» **WORK REQUEST**
Your answer must be the exact lines of the listing below that run from the line with "pakistaniweddings: Repost @zakia_hassnain" to the line with "Cierra 2024 con", ends included, and no pictures.

» **INPUT RECORDS**
##############################

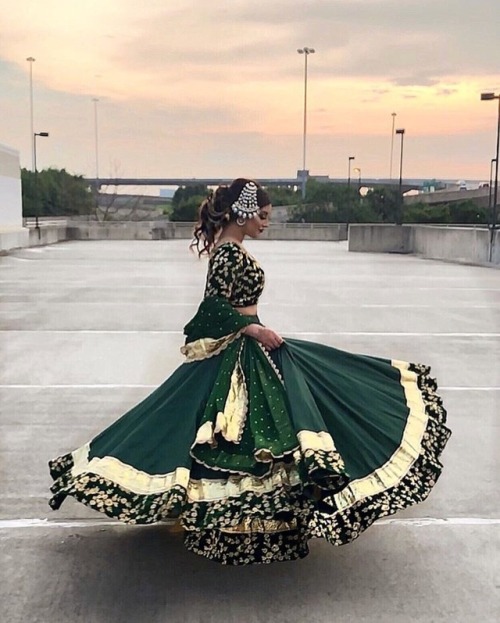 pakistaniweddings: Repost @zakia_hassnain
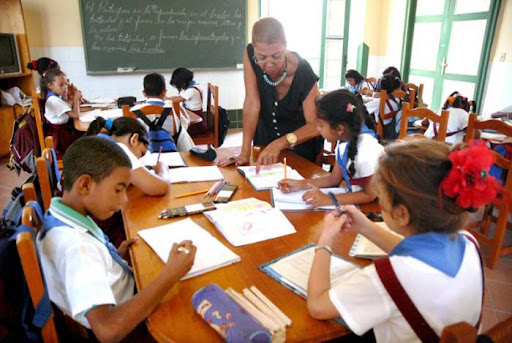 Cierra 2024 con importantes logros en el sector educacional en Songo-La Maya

##############################

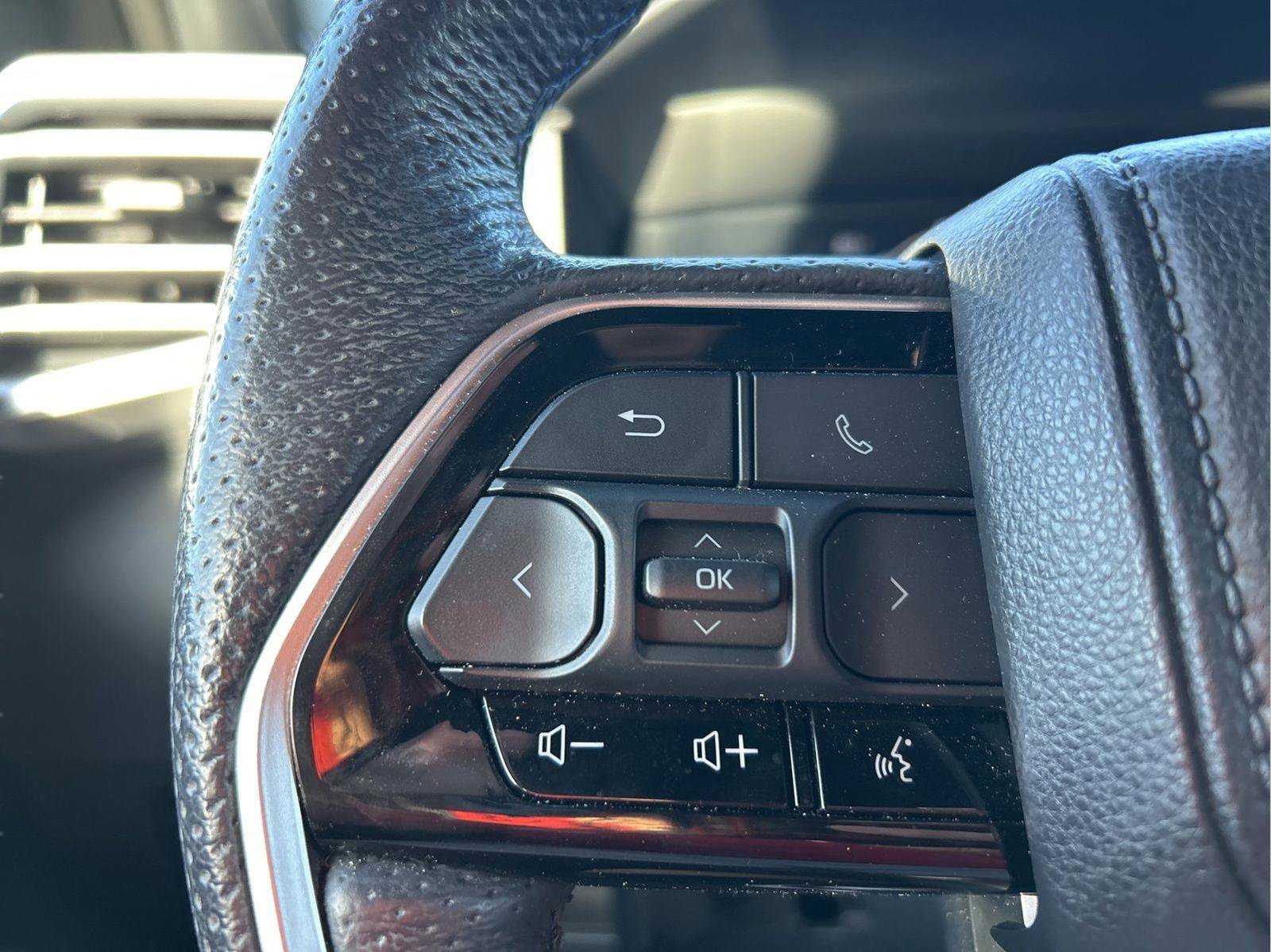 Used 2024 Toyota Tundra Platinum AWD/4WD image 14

##############################

» **SOLUTION TO THE PROBLEM**
 pakistaniweddings: Repost @zakia_hassnain
 Cierra 2024 con importantes logros en el sector educacional en Songo-La Maya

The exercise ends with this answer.